UK consumer spending grew at slowest rate since recession before Brexit vote
Consumer spending grew at its slowest rate since the depths of the 2008-09 recession in the three months leading to the EU referendum, but retailers have blamed bad weather for the tough trading conditions.
The monthly survey of high street and online sales from the British Retail Consortium and KPMG found that sales in the second quarter of 2016 were up 0.5% on the first quarter and 1.2% up on an annual basis. The BRC said this was the weakest performance since May 2009, when the economy was contracting during its longest and deepest postwar recessions.
In June alone, total sales were 0.2% higher than in the same month last year, but were 0.5% lower on a like-for-like basis, which takes account of increased retail capacity over the past 12 months.
David McCorquodale of KPMG said: “As consumer attention shifted indoors to escape autumnal downpours, furniture and home accessories bounced back in the month, with bigger-ticket items proving relatively resilient in the days immediately following the EU referendum.
“With May sunshine a distant memory, however, summer wardrobes remained bare as sales of women’s fashion and footwear plummeted following one of the wettest and dullest starts to a UK summer since records began.”
A separate report from the British Chambers of Commerce showed that companies were finding business conditions tough even before the result of the 23 June vote led to heightened anxiety about the outlook for the economy.
In its quarterly report, the BCC reported that weakening domestic and overseas sales for the services sector and continuing poor performance by manufacturing would have required action from the government even had the UK voted to remain in the EU.
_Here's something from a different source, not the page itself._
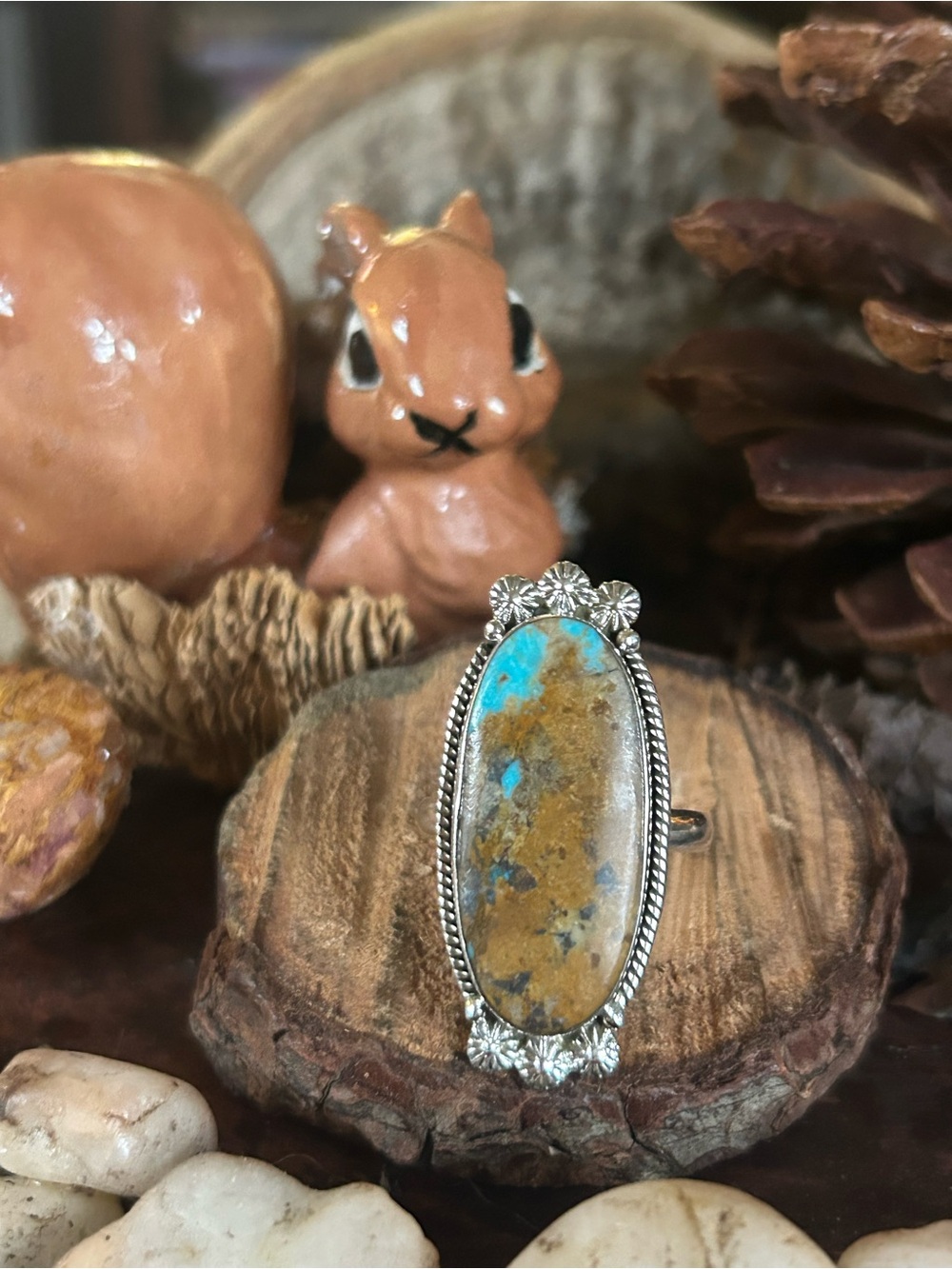 925 Sterling perfect for guy or gal Fox turquoise ring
Adam Marshall, BCC acting director general, said: “Even before the EU referendum, both business confidence and economic growth were softening in many parts of the UK. Our latest survey results, captured just before the vote, suggest that many businesses have been operating in something of a holding pattern for some time.”
Marshall said it was too early to say what impact the leave vote had had on most firms, with only anecdotal evidence from those facing a more challenging environment and those seizing new opportunities.